In `@pridepy/download/transport.py`:
- Around line 685-692: The helper _prepare_multipart_target currently treats a
zero-filled preallocated file as a finished download; change it to not consider
size alone as completion by using a separate completion marker or atomic rename
strategy: create the preallocated temporary file (e.g., file_path + ".part") in
_prepare_multipart_target and only treat the download as complete when a final
marker (e.g., file_path + ".complete") is written or the temp file is atomically
renamed to file_path after _http_download_one finishes and validates ranges;
update _http_download_one to look for and write the same marker/rename on
successful full multipart assembly and to ignore placeholder files that are
merely preallocated.
- Around line 639-656: The code using Util.create_session_with_retries() and
session.get(...) must verify the requested byte range was fully written before
returning: after the iter_content loop in this block (the with session.get(...)
as r: scope that checks r.status_code and Content-Range), assert that cursor ==
end + 1 (or raise a RuntimeError) — if not, treat it as a truncated 206 response
and handle accordingly (raise so caller can retry or fall back to
_parallel_download). Make this check immediately before the `return` and include
the unique symbols `session.get`, `r.iter_content`, `cursor`, `end`, and
`pbar.update` to locate where to add the verification.
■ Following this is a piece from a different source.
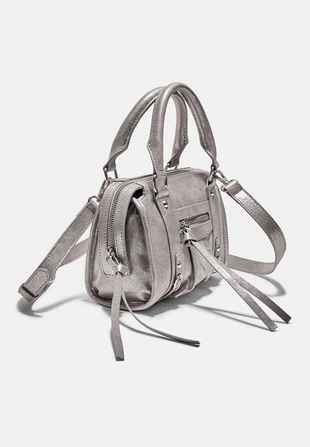 Сумка-боулинг с плечевым ремнем на молнии- Заказать в России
In `@pridepy/pdc/client.py`:
- Around line 218-222: The helper _safe_int currently masks malformed file_size
by returning 0 which makes validate_pdc_file treat invalid sizes as “unknown”
and weakens validation; change _safe_int (or add a new strict parser used by
validate_pdc_file) to not coerce invalid values to 0 — instead return None or
raise a ValueError on parse failure so validate_pdc_file can explicitly reject
or skip entries with malformed sizes; update validate_pdc_file to check for
None/exception and fail or skip the entry (rather than treating it as
unknown/<=0), and apply the same stricter parsing logic to other usages in the
same region (lines around the current _safe_int and the blocks referenced at
225-243) so malformed metadata is handled consistently.
- Around line 141-148: The code incorrectly treats any string whose basename
happens to exist in CWD as a local CSV; change the logic to first detect whether
the argument actually looks like a path (contains os.path.sep or endswith
'.csv') and only then use Path(accession) and call _read_accessions_from_csv; if
it looks like a CSV path but the file doesn't exist raise the "Accession CSV not
found" error. Apply this change to the block using source_path and
_read_accessions_from_csv and the analogous block at lines ~171-175 so bare
accessions (e.g., "PDC000109") are not interpreted as local paths.
- Around line 111-115: Normalize CSV headers immediately after creating
csv.DictReader by sanitizing reader.fieldnames: trim surrounding whitespace,
strip any BOM (e.g. leading '\ufeff'), and normalize casing/characters (e.g.
lower-case and convert hyphens to underscores) before calling _study_id_column
and _file_type_column. Use the sanitized list in place of reader.fieldnames (or
pass it to the detection helpers) so functions _study_id_column(columns, path)
and _file_type_column(columns) receive normalized headers and can match names
like "pdc_id", "pdc_id " or "File-Type".

In `@pridepy/pdc/downloader.py`:
- Around line 173-174: The _target_path function constructs a path from
untrusted pdc_file.study_id and pdc_file.file_name allowing path traversal;
sanitize both components (e.g., strip any path separators, use only the
basename/name portion), build the candidate path, resolve it and assert it is
inside output_folder.resolve() (raise an error if not), and ensure directories
are created safely before writing; update references to _target_path to expect
the sanitized/validated Path.

---

Outside diff comments:
In `@pridepy/pridepy.py`:
- Around line 678-680: The help string for the download strategy currently
claims "globus: resume-capable http/https downloads (single-connection stream)"
but is outdated because the command supports multipart range downloads when
--threads > 1; update the help text in the argparse add_argument call that sets
the download strategy (the help parameter that mentions "ftp (default)" and
"globus") to indicate that globus is resume-capable for http/https and supports
threaded multipart/range downloads when --threads is greater than 1, referring
to the --threads option by name so users know multipart behavior is enabled by
increasing threads.
🪄 Autofix (Beta)

Fix all unresolved CodeRabbit comments on this PR:

  • Push a commit to this branch (recommended)
  • Create a new PR with the fixes

ℹ️ Review info
⚙️ Run configuration

Configuration used: defaults

Review profile: CHILL

Plan: Pro

Run ID: f0eb45c7-bcbb-46ee-83fa-503673edf22f

📥 Commits

Reviewing files that changed from the base of the PR and between 59c55bf and 42d965b.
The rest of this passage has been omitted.